YOUR TASK:
Restate the data word for word and leave the images out.

MATERIAL PROVIDED:
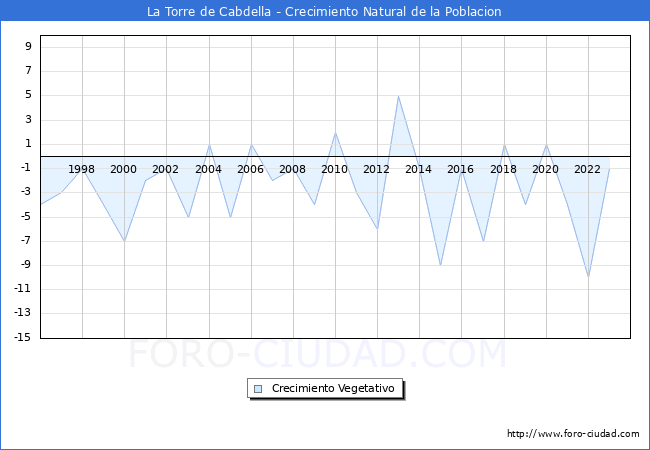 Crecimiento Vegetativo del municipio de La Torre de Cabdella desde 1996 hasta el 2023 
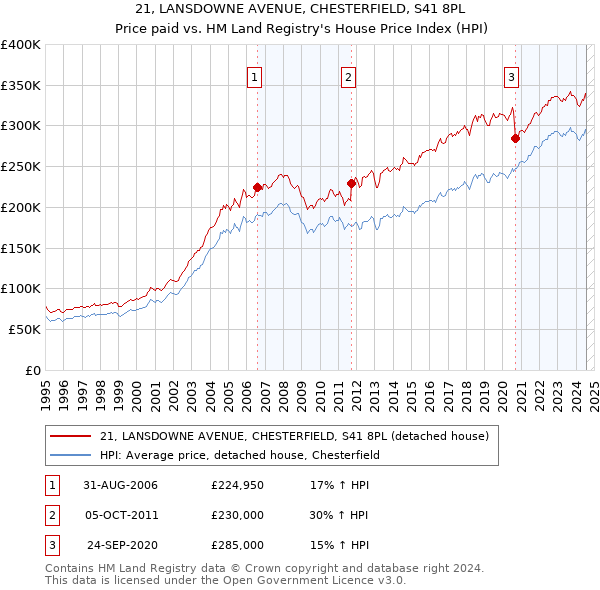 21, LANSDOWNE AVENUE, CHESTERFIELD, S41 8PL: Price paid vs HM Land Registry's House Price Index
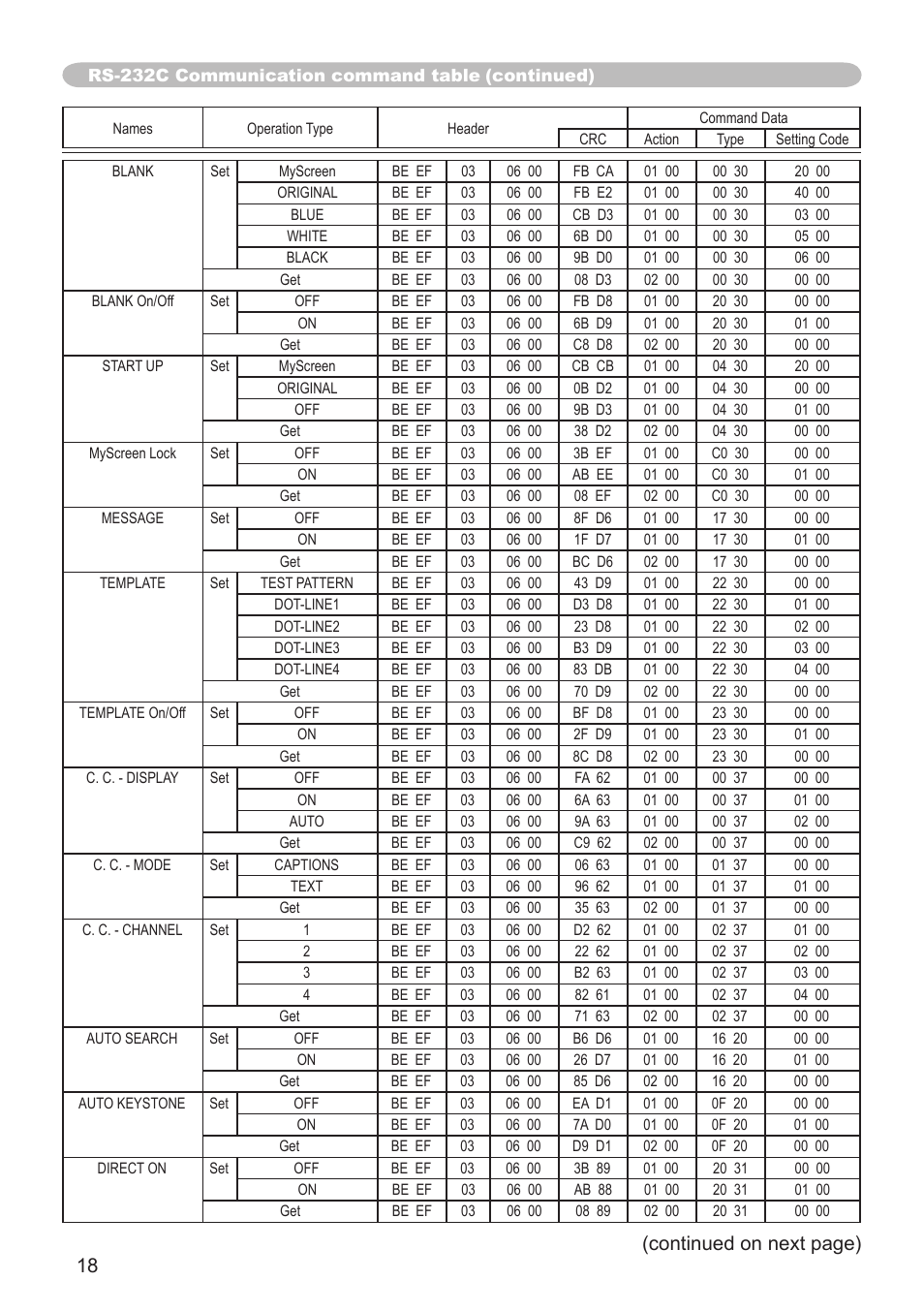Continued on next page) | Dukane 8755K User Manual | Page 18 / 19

THE COMPLETED TASK:
 Crecimiento Vegetativo del municipio de La Torre de Cabdella desde 1996 hasta el 2023 
 21, LANSDOWNE AVENUE, CHESTERFIELD, S41 8PL: Price paid vs HM Land Registry's House Price Index
Continued on next page) | Dukane 8755K User Manual | Page 18 / 19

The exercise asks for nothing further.